### Task
In the entries below, which lines run from the one with "10K Gold Sapphire" through the one with "1/48 F4U-1 Corsair undercarriage covers"? Repeat exactly those, both included, and no pictures.

### Extracted records
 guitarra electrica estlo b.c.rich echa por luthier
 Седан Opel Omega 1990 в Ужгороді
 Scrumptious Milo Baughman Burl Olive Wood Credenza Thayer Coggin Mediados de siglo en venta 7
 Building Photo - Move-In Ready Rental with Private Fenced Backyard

--

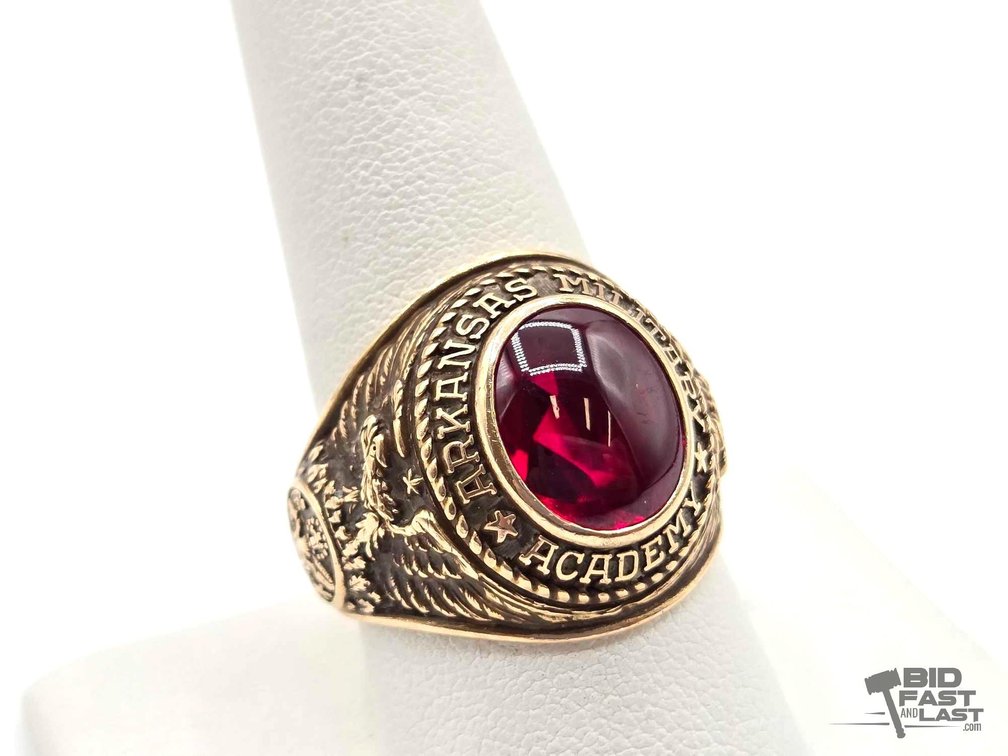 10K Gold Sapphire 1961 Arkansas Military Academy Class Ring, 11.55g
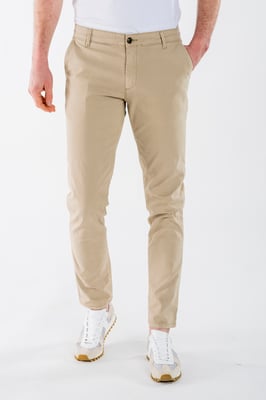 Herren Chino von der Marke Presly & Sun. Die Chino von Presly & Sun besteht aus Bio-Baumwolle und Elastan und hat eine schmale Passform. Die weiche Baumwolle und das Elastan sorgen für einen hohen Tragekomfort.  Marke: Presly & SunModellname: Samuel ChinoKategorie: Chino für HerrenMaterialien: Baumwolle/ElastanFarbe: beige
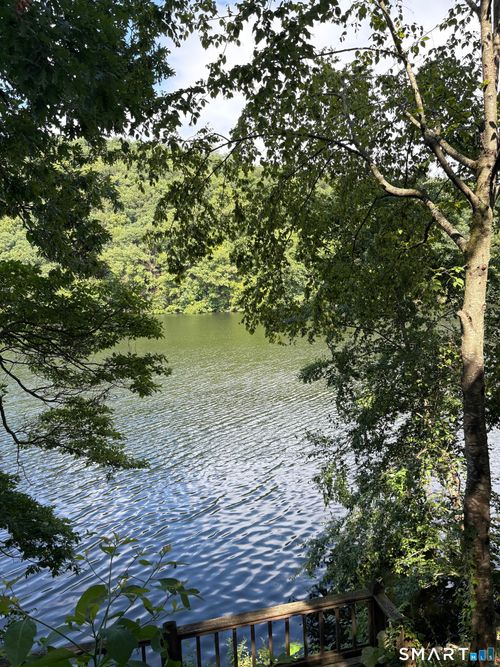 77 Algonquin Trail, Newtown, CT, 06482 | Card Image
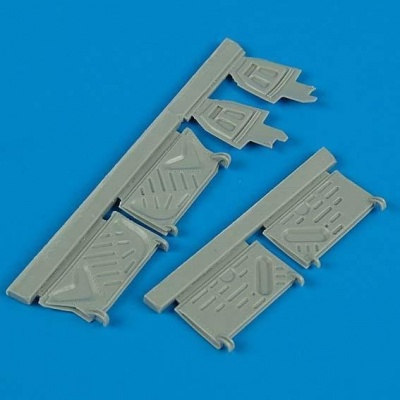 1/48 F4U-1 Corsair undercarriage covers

### Result for this exercise
 10K Gold Sapphire 1961 Arkansas Military Academy Class Ring, 11.55g
 Herren Chino von der Marke Presly & Sun. Die Chino von Presly & Sun besteht aus Bio-Baumwolle und Elastan und hat eine schmale Passform. Die weiche Baumwolle und das Elastan sorgen für einen hohen Tragekomfort.  Marke: Presly & SunModellname: Samuel ChinoKategorie: Chino für HerrenMaterialien: Baumwolle/ElastanFarbe: beige
 77 Algonquin Trail, Newtown, CT, 06482 | Card Image
 1/48 F4U-1 Corsair undercarriage covers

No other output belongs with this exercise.